As she aged, every family reunion would find a cluster of younger folk surrounding Lynda, sitting in her folding chair, legs crossed, head thrown back in laughter as she dusted off old jokes and recounted past escapades. Every one of the great-nephews and nieces (and even some great-greats) knew Aunt Lynda. Heck, she knitted custom Christmas stockings for every new arrival, whether by birth or marriage—probably over a hundred.  

Lynda never thought she changed the world. But no one who ever knew her would deny that she did. In a million little ways, in a million tiny instances, she changed the world.

Invisible heroes like Lynda exist everywhere, though their abundance does nothing to diminish each one’s ample contributions. I suspect you don’t have to think too long to come up with a sizable list of the invisible heroes who have in some way touched your life.

Invisible heroes, for example, like Bob, an old cowboy whose raspy-yet-booming voice, legend tells, could be heard five miles away—“Hep, cattle, hooooooo!”—as he pushed cattle from one valley of summer pasture to the next, and who took in a teenage grandson who didn’t want to go to a new school when his parents divorced and both moved away.

Then there’s Dave, a farmer who spent his winters coaching JV basketball and whose fanatical “Oh yeah, baby!” still echoes in the consciousness of kids he coached a decade and a half ago.

And Michelle, who, even while navigating her own life’s unforeseen challenges, somehow managed to get every record book, for every project, for every kid in her 4-H club, submitted in time for the county fair every year.

Not to mention Kent, Jeff, Paul, Bruce, Ted and the rest of the volunteer fair board members who managed year after year to make sure that county fair came off and remained free to the public.

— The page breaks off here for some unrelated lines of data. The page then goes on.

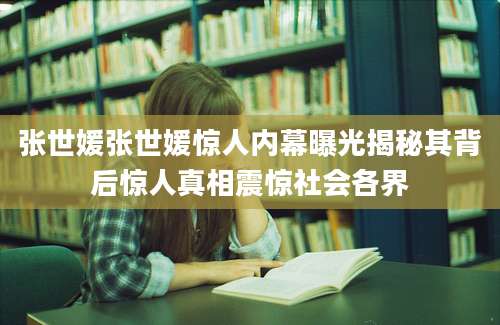张世媛张世媛惊人内幕曝光揭秘其背后惊人真相震惊社会各界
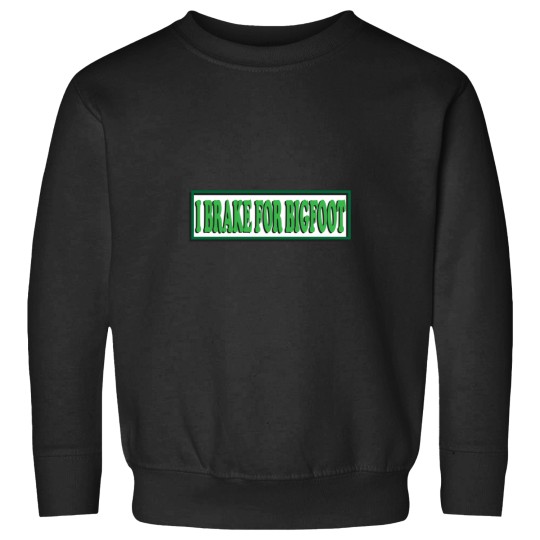 Discover I Brake For BigfoAot Sweatshirts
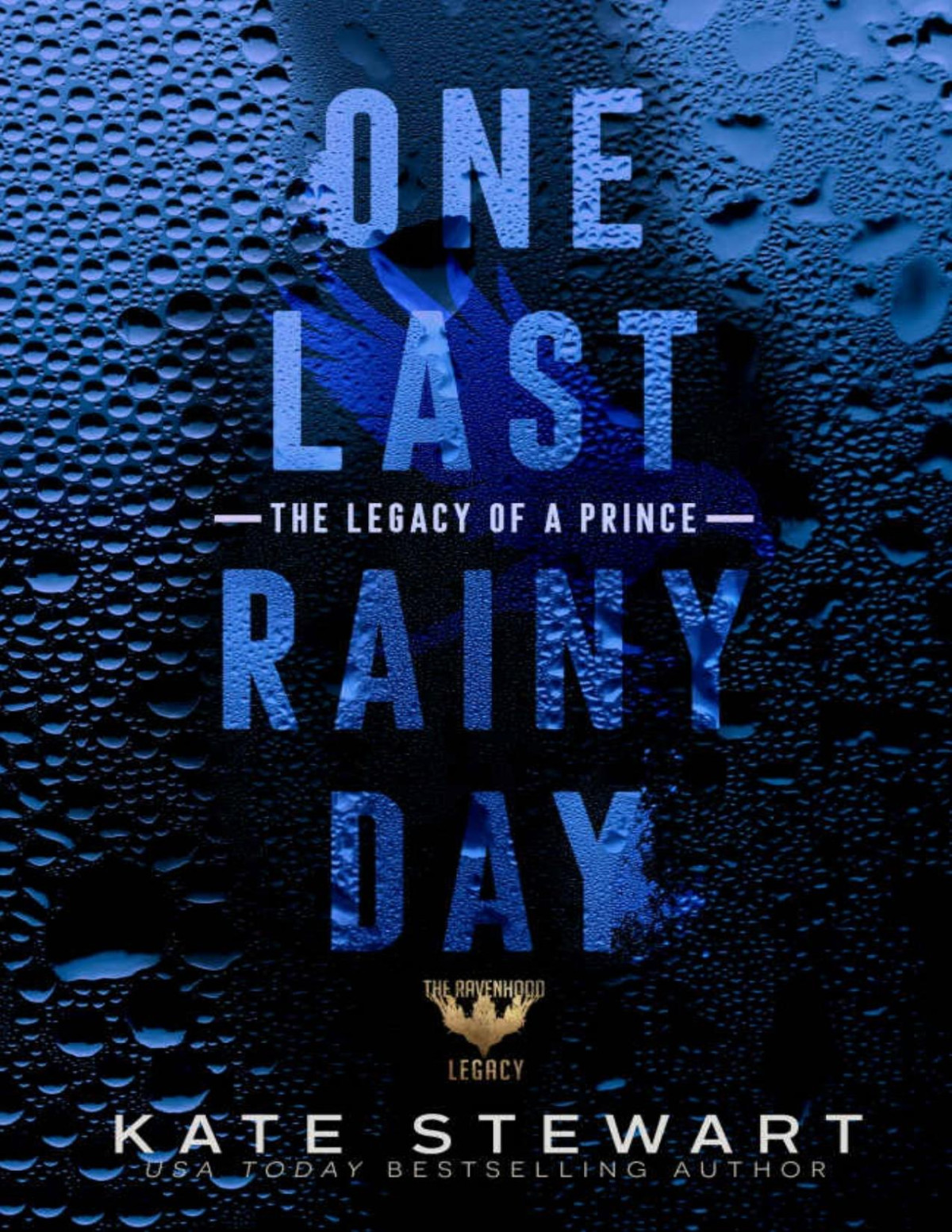 One Last Rainy Day The Legacy Of A Prince Kate Stewart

Or Harlo, who valiantly kept the tiny grocery store—the only one for 20 miles, the one that had been in his family for over a century—afloat, even as the Super Walmart in town continued to poach his business. Many a farm kid, rushing home to beat his midnight curfew, would notice a light on in the upstairs office of Harlo’s store, the volunteer fire chief diligently keeping his books through bleary eyes.

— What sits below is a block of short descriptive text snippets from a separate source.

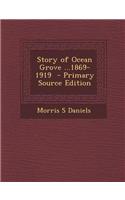 Story of Ocean Grove ...1869-1919 - Primary Source Edition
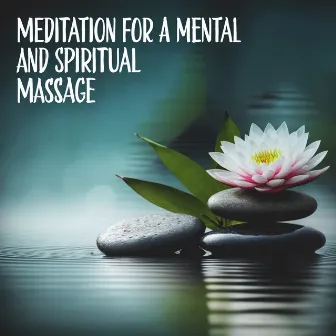 Meditation For A Mental And Spiritual Massage by Waterfall Dance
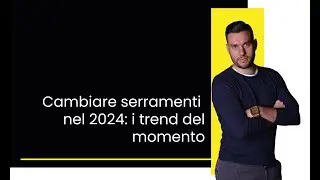 Cambiare serramenti nel 2024: i trend del momento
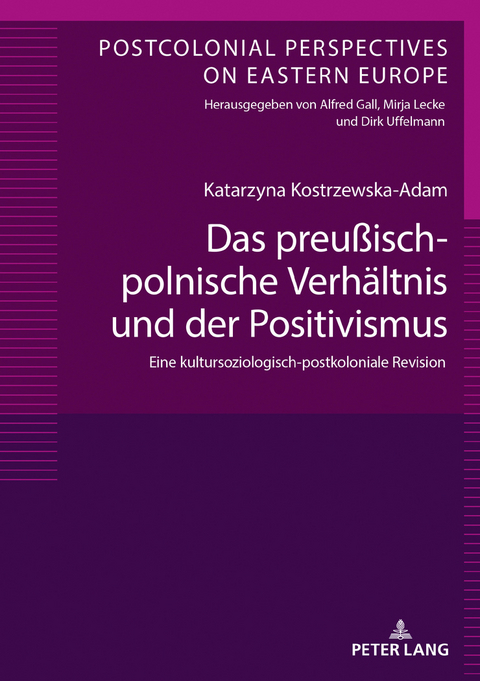 Das preußisch-polnische Verhältnis und der Positivismus - Katarzyna Kostrzewska-Adam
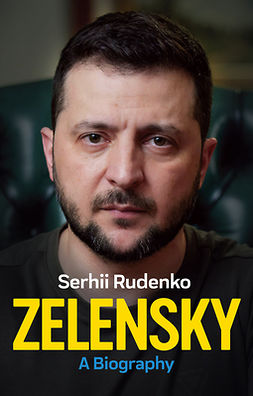 Rudenko, Serhii - Zelensky: A Biography, ebook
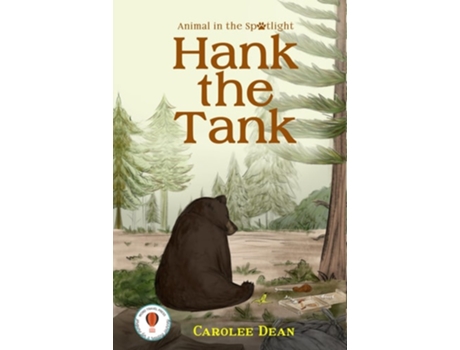 Livro Hank the Tank Animal in the Spotlight de Carolee Dean (Inglês - Capa Dura)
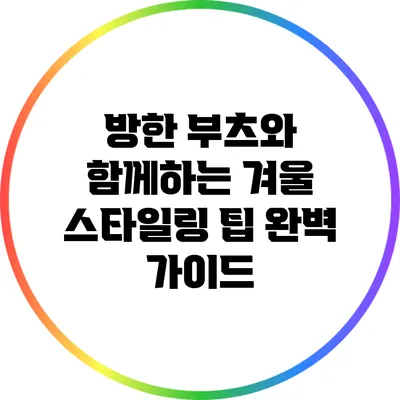 방한 부츠와 함께하는 겨울 스타일링 팁 완벽 가이드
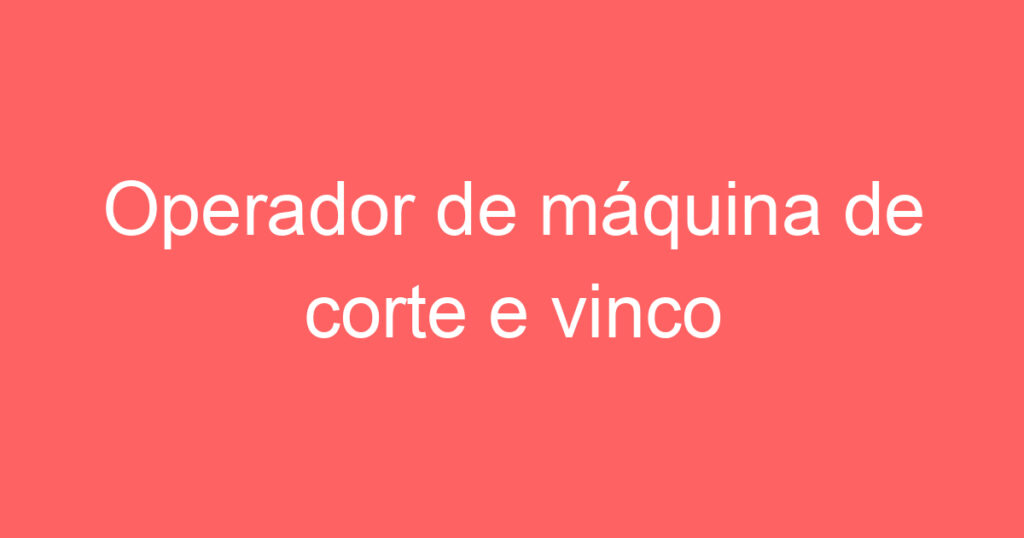 Operador de máquina de corte e vinco 1 Operador de máquina de corte e vinco 1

And there’s Karlene, who would spend summer mornings teaching hundreds of kids over the years to swim at the city pool, then hustle back to the farm, every bit a part of the spuds and grain rising up out of the ground as anyone else.

Let’s not forget Todd and Karen, who whose college town church congregation was made up almost entirely of dirt-poor newlyweds to whom they became surrogate parents.

Or Tom, who for decades ran a little shoe store and taught business classes at the community college before moving with his sweetheart to a little house on a picturesque spot on the lake, ensuring countless idyllic summer afternoons as grandkids squealed joyfully and jumped off the dock into the turquoise water.   

We’ve got Jerry, Eugene, Don, Rod, Carl, Mike, LaVell, Dan and Craig, who spent their prime years rousting reluctant teenagers out of bed to move pipe, pick rock and, in the very best cases, milk cows. And Celia, Heidi, Patti, Rebecca, Julene,  Kathy, Darlene, Jan and Bev, who kept the same long hours but also made sure those drowsy delinquents got registered for school, knew to hold the door open for a lady, and took their hats off when they stepped inside.

That desired change in the world can be seen in dramatic, almost comical tan lines across countless biceps and foreheads in late July. It can felt in callused hands and blistered feet. It can be smelled in the sweat and dirt and freshly dug spuds filling up the cellar in the fall. It can be tasted in a bologna sandwich in the field at noon and in reheated chicken pot pie long after sundown. It can be heard in pleading of a preschooler begging to come along and ride in the tractor.

You want to change the world? Odds are, you already have.